Aprender representaciones. Convertir cosas en vectores donde lo parecido queda cerca. Es exactamente lo que es un embedding.
Ejemplo práctico
En un catálogo con miles de referencias, el aprendizaje no supervisado responde una pregunta que el supervisado no puede: ¿qué grupos de clientes hay, sin que yo los defina antes?
La segmentación habitual se hace a mano: por facturación, por zona, por sector. Son categorías que impone quien las escribe. Un algoritmo de agrupación mira el comportamiento real —qué compran, cada cuánto, en qué cantidad, cómo reaccionan a los plazos— y saca los grupos que hay de verdad.
Lo interesante es cuando no coinciden. Aparecen clientes que en el organigrama comercial están en cajones distintos y que se comportan igual, y clientes del «mismo tipo» que no se parecen en nada. Eso es información que nadie tenía.
Lo que aprendí, y es la advertencia principal: el resultado de un modelo no supervisado no viene con nombre. Te da cinco grupos y nadie te dice qué significan. Interpretarlos es trabajo humano, y es donde se cuela el error: es facilísimo mirar un grupo y contarse una historia bonita que no está en los datos.
La forma de no engañarse: antes de mirar los grupos, escribir qué esperarías encontrar. Si el algoritmo saca justo eso, no has aprendido nada nuevo; si saca otra cosa, ahí hay algo que investigar. Sin esa disciplina, el clustering se convierte en un generador de confirmaciones.

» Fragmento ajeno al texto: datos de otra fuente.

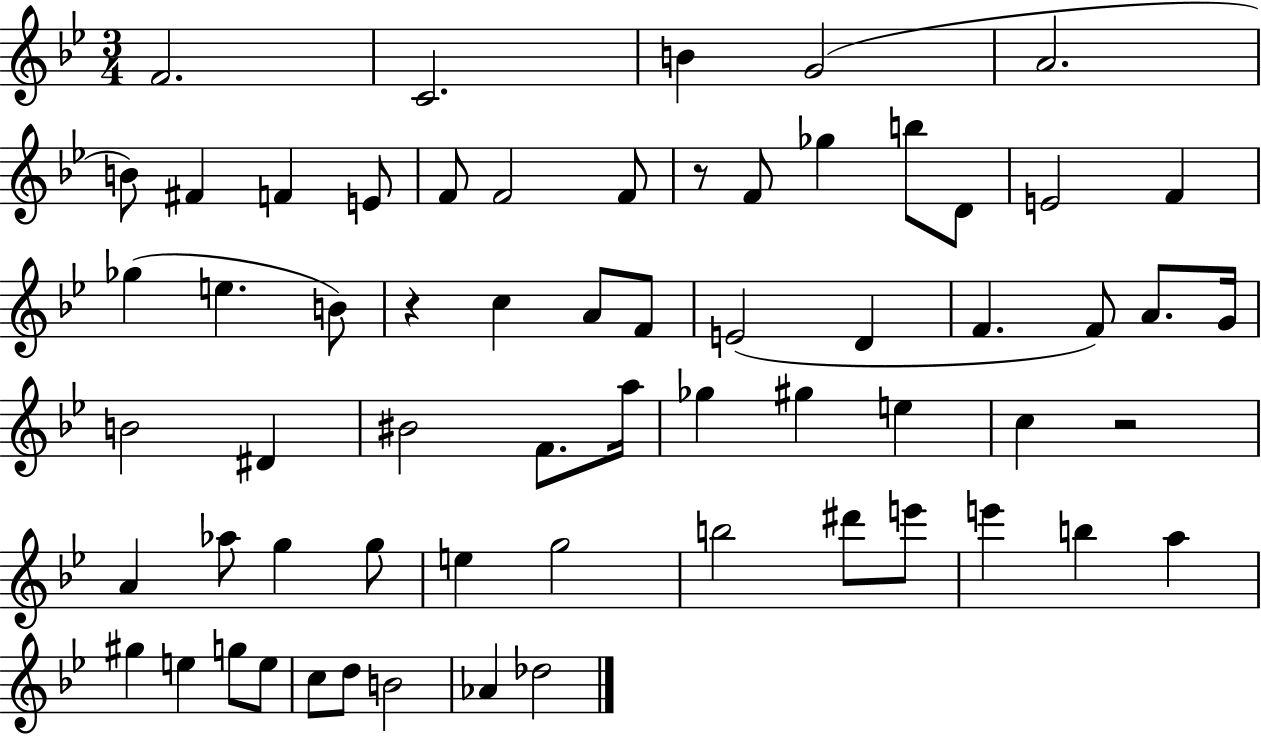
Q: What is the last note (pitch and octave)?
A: Db5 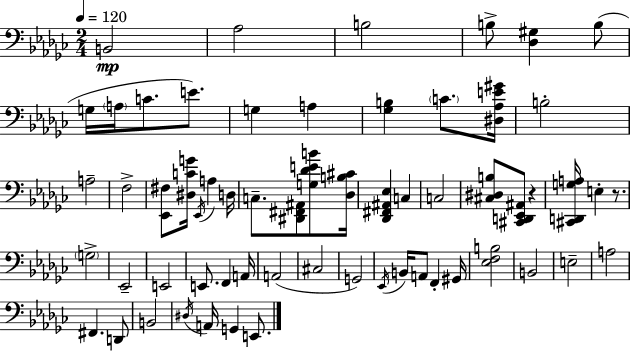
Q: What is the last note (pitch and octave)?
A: E2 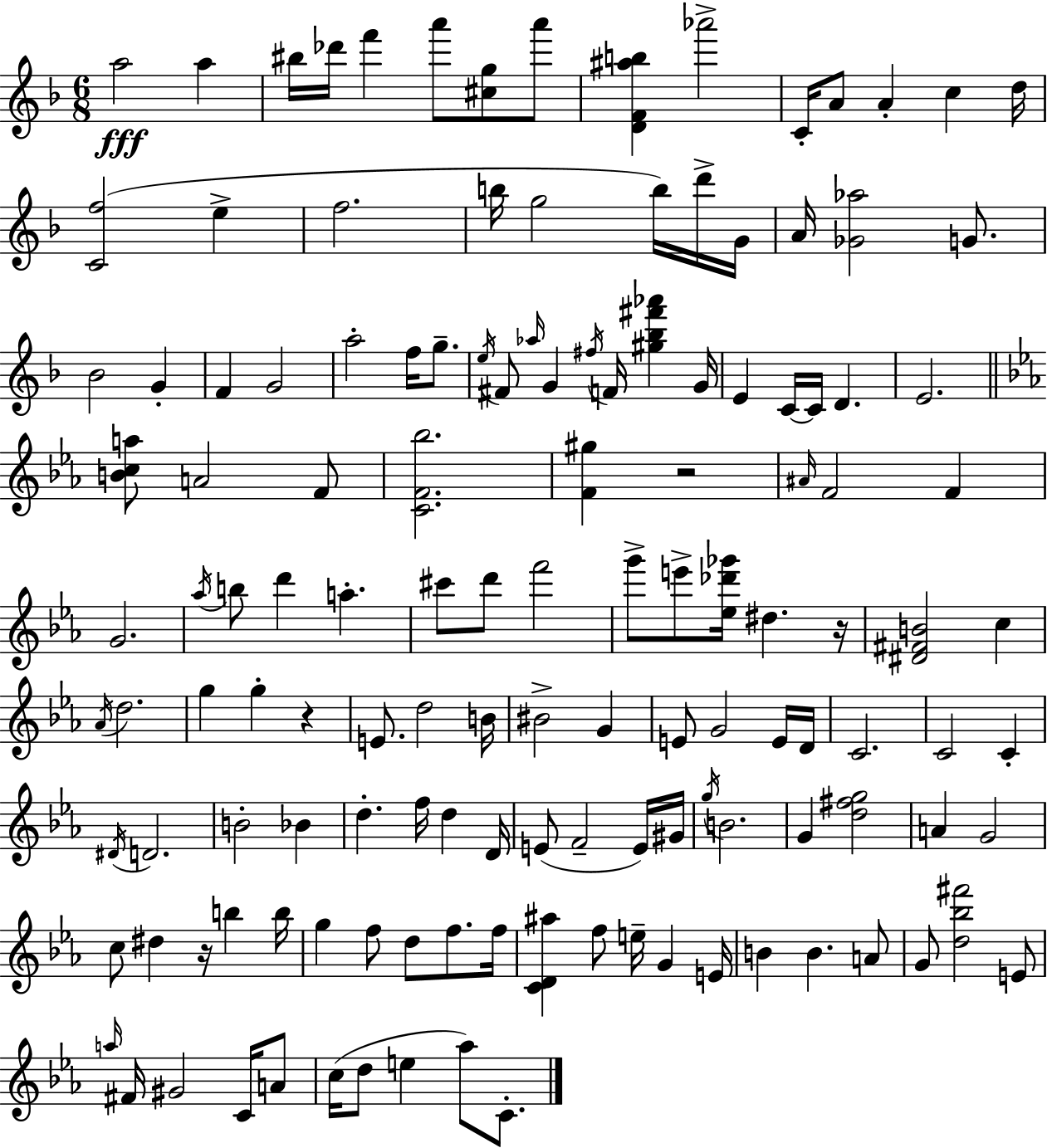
X:1
T:Untitled
M:6/8
L:1/4
K:F
a2 a ^b/4 _d'/4 f' a'/2 [^cg]/2 a'/2 [DF^ab] _a'2 C/4 A/2 A c d/4 [Cf]2 e f2 b/4 g2 b/4 d'/4 G/4 A/4 [_G_a]2 G/2 _B2 G F G2 a2 f/4 g/2 e/4 ^F/2 _a/4 G ^f/4 F/4 [^g_b^f'_a'] G/4 E C/4 C/4 D E2 [Bca]/2 A2 F/2 [CF_b]2 [F^g] z2 ^A/4 F2 F G2 _a/4 b/2 d' a ^c'/2 d'/2 f'2 g'/2 e'/2 [_e_d'_g']/4 ^d z/4 [^D^FB]2 c _A/4 d2 g g z E/2 d2 B/4 ^B2 G E/2 G2 E/4 D/4 C2 C2 C ^D/4 D2 B2 _B d f/4 d D/4 E/2 F2 E/4 ^G/4 g/4 B2 G [d^fg]2 A G2 c/2 ^d z/4 b b/4 g f/2 d/2 f/2 f/4 [CD^a] f/2 e/4 G E/4 B B A/2 G/2 [d_b^f']2 E/2 a/4 ^F/4 ^G2 C/4 A/2 c/4 d/2 e _a/2 C/2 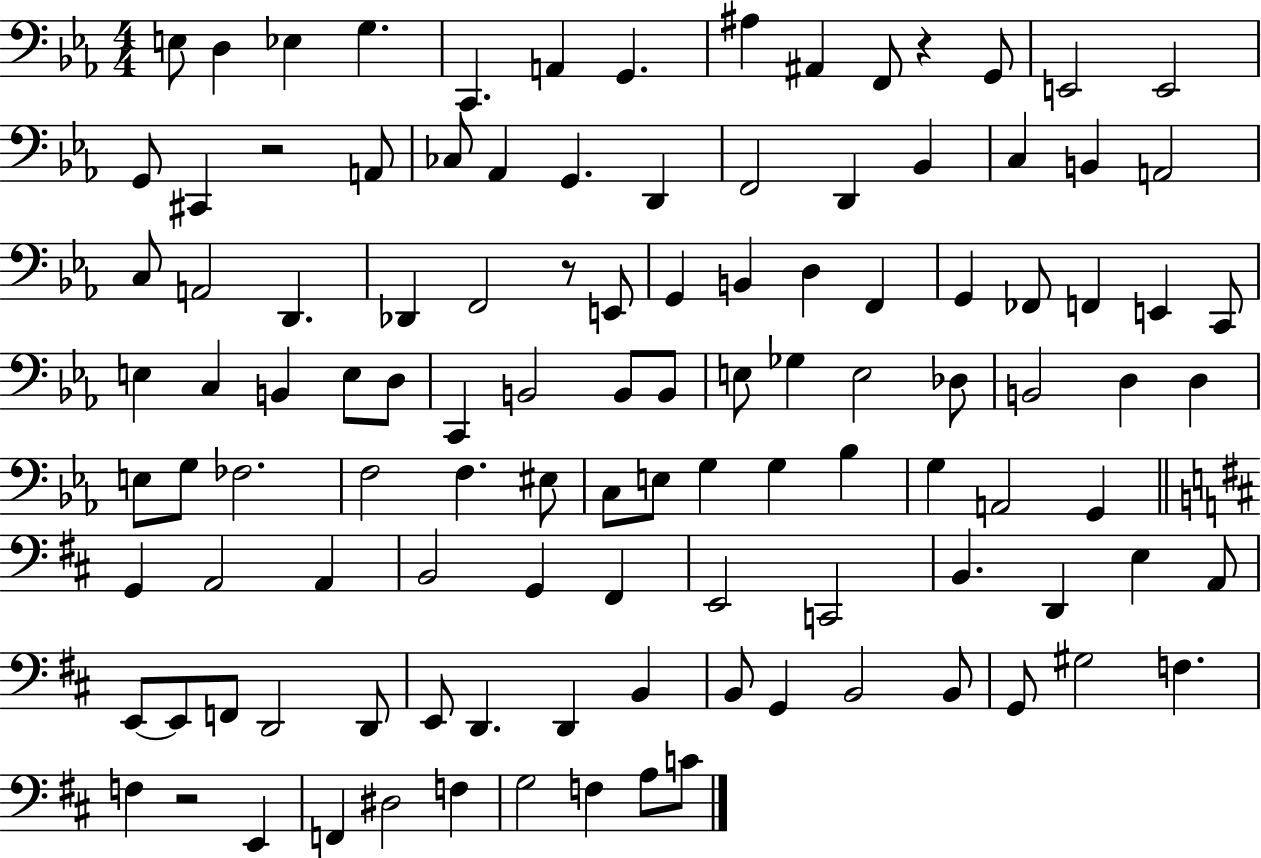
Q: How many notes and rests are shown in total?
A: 112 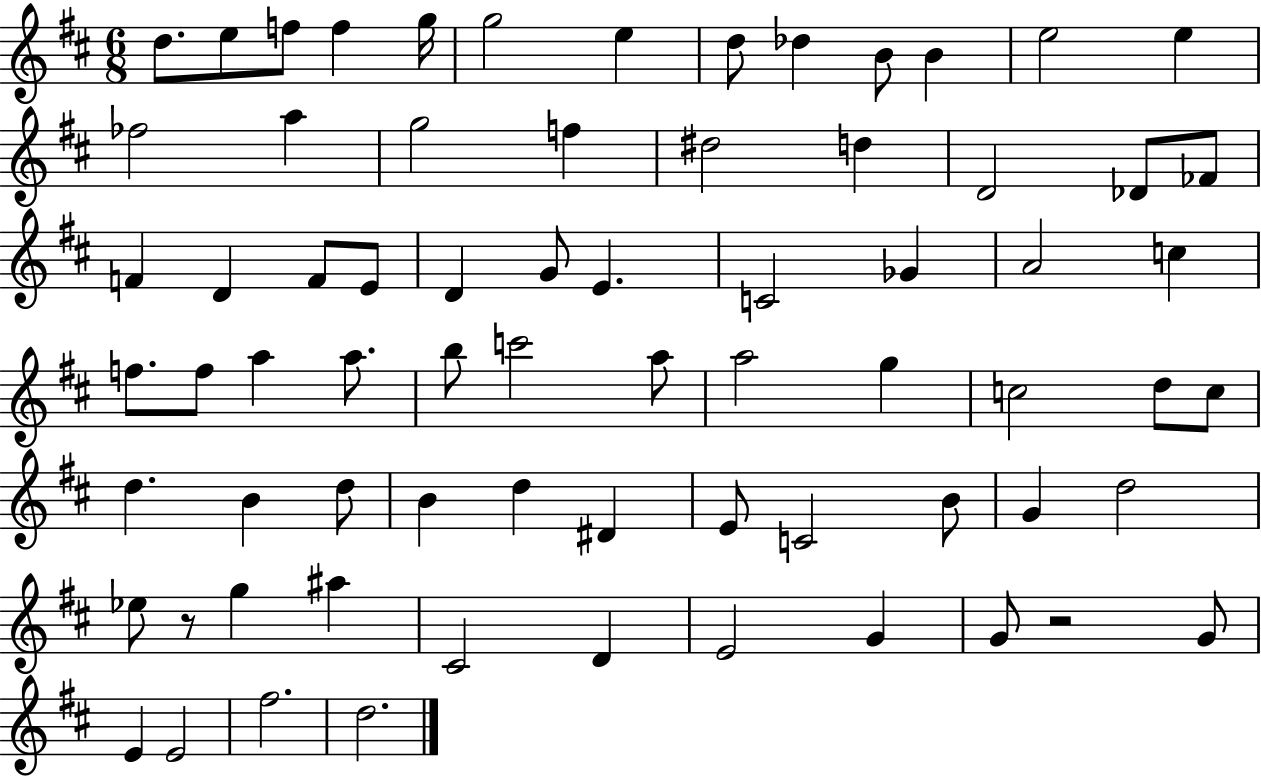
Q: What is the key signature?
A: D major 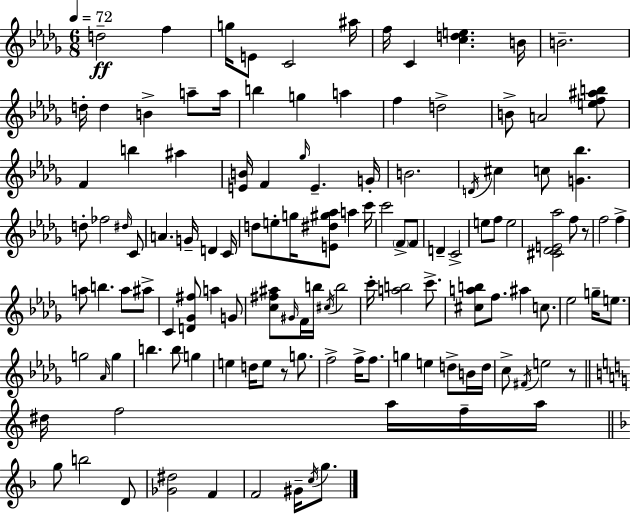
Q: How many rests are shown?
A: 3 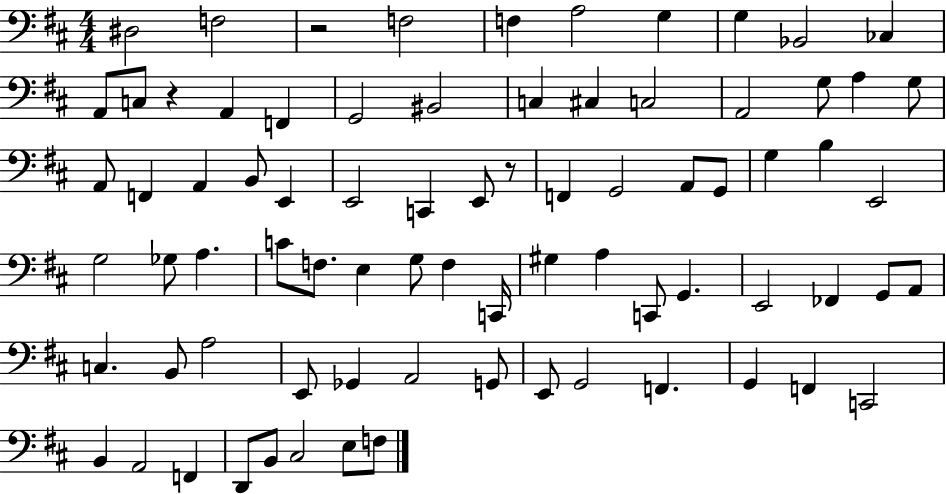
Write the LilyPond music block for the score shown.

Y una segunda: si cambiar el número de grupos que le pides cambia por completo la historia, es que la estructura no era tan clara como parecía.
Errores comunes
- Esperar que los grupos vengan explicados. No vienen: hay que interpretarlos.
- Elegir el número de grupos por lo bonito del resultado en vez de por criterios de calidad del agrupamiento.
- No normalizar las variables. Si una está en euros y otra en unidades, la de números grandes domina y el resultado no significa nada.
- Contarse la historia después de ver el resultado.
- Confundirlo con magia. Si los datos no tienen estructura, el algoritmo devuelve grupos igualmente — grupos sin sentido.
- Usarlo cuando en realidad tienes etiquetas. Si sabes la respuesta de algunos ejemplos, el supervisado va a funcionar mejor.
Cuándo usarlo
Cuando quieres descubrir algo, no predecirlo: qué segmentos existen, qué es anómalo, cómo se relacionan entre sí cosas que tienes sueltas.
Y como paso previo: agrupar o reducir dimensiones antes de un modelo supervisado suele mejorar el resultado, porque le entregas datos ya ordenados.